- Born: Margaret 'Rita' McAllister 6 March 1946 (age 80) Mossend, Scotland
- Occupations: academic, composer
- Known for: authority on Sergei Prokofiev
- Awards: BBC Scotland Young Composer of the Year (1966)

Academic background
- Alma mater: University of Glasgow Royal Scottish Academy of Music and Drama University of Cambridge

Academic work
- Institutions: University of Edinburgh Royal Conservatoire of Scotland

= Rita McAllister =

Margaret 'Rita' McAllister (born 6 March 1946) is a Scottish musicologist, composer and academic. She was the Director of Music at the Royal Conservatoire of Scotland and is a renowned authority on the works of Sergei Prokofiev.

== Biography ==

McAllister was born on 6 March 1946 in Mossend, North Lanarkshire. She undertook her undergraduate studies at the University of Glasgow, graduating BMus with first class honours. At the same time she was a part-time student at the Royal Scottish Academy of Music and Drama studying piano with Wight Henderson and viola with Frieda Peters. She studied composition with Anthony Hedges and Robin Orr, and won the first BBC Scotland Young Composer’s prize in 1966. In the late 1960s she spent three years at the University of Cambridge researching the operas of Sergei Prokofiev; she completed her PhD in 1970.

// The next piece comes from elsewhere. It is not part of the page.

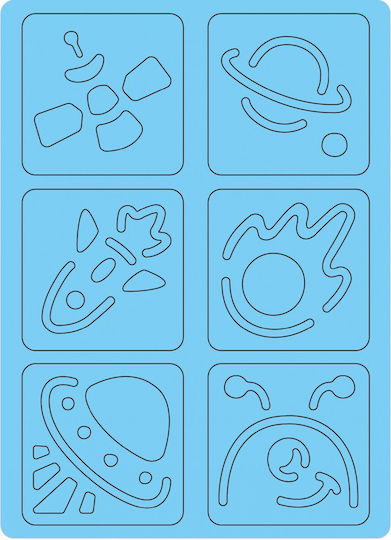 Avenir Malerei Scratch Space für Kinder 3+ Jahre alt+ Jahre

Her work on Prokofiev resulted in intensive work in Moscow, Saint Petersburg and throughout the southern USSR. In the 1970s and 1980s she broadcast and published extensively on many aspects of Soviet and Russian music. Her compositions from this time include chamber works, song cycles and works for music theatre, as well as electro-acoustic pieces. From 1969 she was a lecturer in the Faculty of Music at the University of Edinburgh, teaching composition, 20th-century history and analysis, and established the electronic and recording studios there. She was appointed Director of Music at the Academy in 1986, and from 1996 to 2006 she was additionally Vice-Principal.

McAllister edited the original version of Prokofiev's War and Peace which was premiered in Glasgow on 22 January 2010.